The wedding lunch or dinner is normally extended by a big party afterwards, with dancing and drinking until late at night.

Alternatively, there are a number of companies that specialise in arranging weddings so, if you are only going to be in Spain for a short time, they can arrange everything for you in advance, before your arrival. This can be pricey but does save a lot of stress.

Wedding photographs in Spain

Photography is permitted at your marriage, whether it takes place at the Town Hall, at church or elsewhere. There are many photographers who specialise in providing this service, and most of them will also accompany you on your wedding lunch or dinner. You can choose between traditional or modern style, depending on your preferences.

There are websites which specialise in weddings where you can find different choices for all that you may need in your wedding – venues, photographers, clothes, weddings favours, etc – where other couples leave reviews, and you can find suppliers within a specific area.

The honeymoon

It is customary for the newly married couple to go away together for at least a few days on a honeymoon.

If you’re already here in Spain you’re not likely to want to go elsewhere!

Most likely, you will plan your honeymoon before you travel to Spain, and you can contact a travel agency to give you some ideas – or plan the whole thing, so you just need to enjoy your trip.

Things to do after getting married in Spain

After your marriage, there are a number of things that you should do. First of all, you must register your marriage in the relevant Civil Registry.
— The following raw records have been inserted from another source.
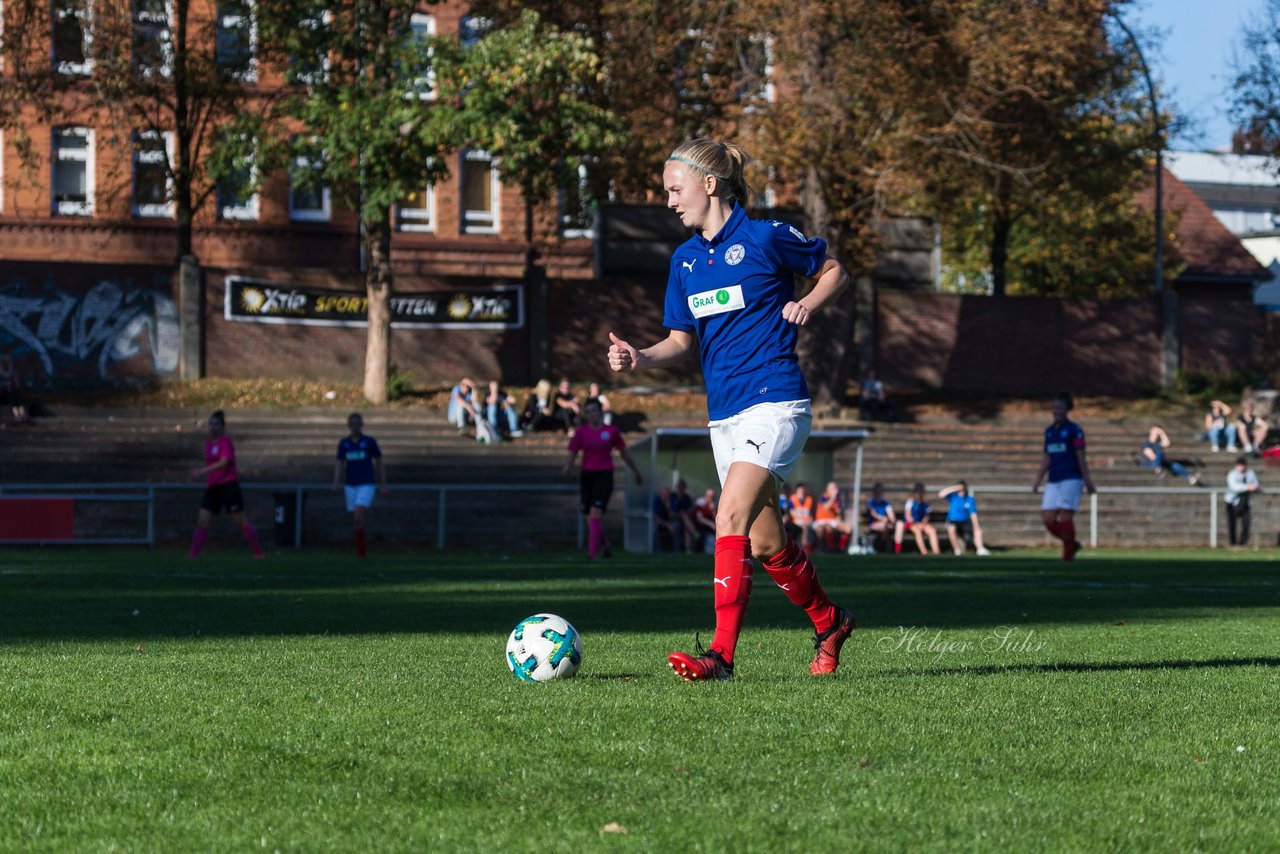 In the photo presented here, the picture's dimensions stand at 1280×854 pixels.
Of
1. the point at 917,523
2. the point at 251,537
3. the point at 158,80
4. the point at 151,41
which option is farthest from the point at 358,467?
the point at 151,41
See above.

As a foreigner, you must also notify your consulate and send them a copy of your marriage certificate: this is required by Spanish law.

In Spain, women do not typically change their surname as in some other countries; however, depending upon your nationality, you may want to change the name on the wife’s passport and other official documentation.
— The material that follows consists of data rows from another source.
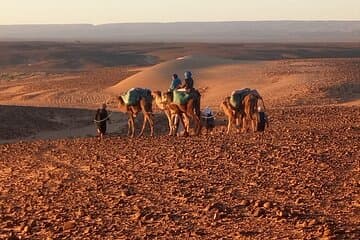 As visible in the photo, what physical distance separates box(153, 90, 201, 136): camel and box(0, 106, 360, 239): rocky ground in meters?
1.90

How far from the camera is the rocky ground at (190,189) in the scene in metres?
9.30

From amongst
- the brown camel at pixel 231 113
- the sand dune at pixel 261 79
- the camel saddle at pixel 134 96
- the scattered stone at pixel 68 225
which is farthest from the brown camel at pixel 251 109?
the sand dune at pixel 261 79

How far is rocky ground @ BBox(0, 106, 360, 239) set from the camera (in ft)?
30.5

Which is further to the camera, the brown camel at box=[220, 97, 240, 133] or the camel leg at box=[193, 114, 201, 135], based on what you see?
the brown camel at box=[220, 97, 240, 133]

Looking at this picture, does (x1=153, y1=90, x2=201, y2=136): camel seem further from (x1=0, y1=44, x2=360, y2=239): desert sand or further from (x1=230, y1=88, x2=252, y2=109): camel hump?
(x1=0, y1=44, x2=360, y2=239): desert sand

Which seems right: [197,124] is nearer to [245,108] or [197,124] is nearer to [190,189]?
[245,108]

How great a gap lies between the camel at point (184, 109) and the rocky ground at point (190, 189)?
74.8 inches

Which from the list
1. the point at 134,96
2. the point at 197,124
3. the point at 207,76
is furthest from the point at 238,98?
the point at 207,76

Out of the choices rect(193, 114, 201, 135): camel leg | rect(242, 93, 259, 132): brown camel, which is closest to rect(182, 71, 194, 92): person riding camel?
rect(193, 114, 201, 135): camel leg

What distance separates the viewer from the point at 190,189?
37.4 ft

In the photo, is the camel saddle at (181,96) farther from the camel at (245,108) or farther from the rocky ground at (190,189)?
the rocky ground at (190,189)

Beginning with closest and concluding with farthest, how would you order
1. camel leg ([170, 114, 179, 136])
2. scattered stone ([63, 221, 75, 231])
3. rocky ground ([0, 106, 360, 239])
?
1. rocky ground ([0, 106, 360, 239])
2. scattered stone ([63, 221, 75, 231])
3. camel leg ([170, 114, 179, 136])

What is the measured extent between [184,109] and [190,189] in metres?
7.76

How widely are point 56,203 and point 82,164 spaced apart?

If you do change your name, it’s worth spending a few minutes making a list of all of the places where the name is stored and to contact them all at once. Typical examples would be the bank, the mobile phone company, your doctor and dentist, any companies who’ve provided loans to you, any store or credit cards that you use, the residential community of which you are a member, any professional bodies to which you are affiliated and any social groups to which you are affiliated. It is surprising how many will end up on the list.

As your Spanish marriage certificate will only include the wife’s maiden name, you need to check with your Consular authority what steps you need to follow in order to get your name changed in other documents.

Don’t forget to notify your employer. You may be entitled to some additional holiday time – if you’re employed in Spain, you often get two weeks extra!


Thousands of foreigners have now married in Spain.

Some had already moved to Spain but others came here just to get married in a beautiful place with more or less guaranteed good weather for much of the year.

If you’re thinking of getting married here, you have so many possibilities and venues, and there are even wedding planner companies that can do most of the hard work for you!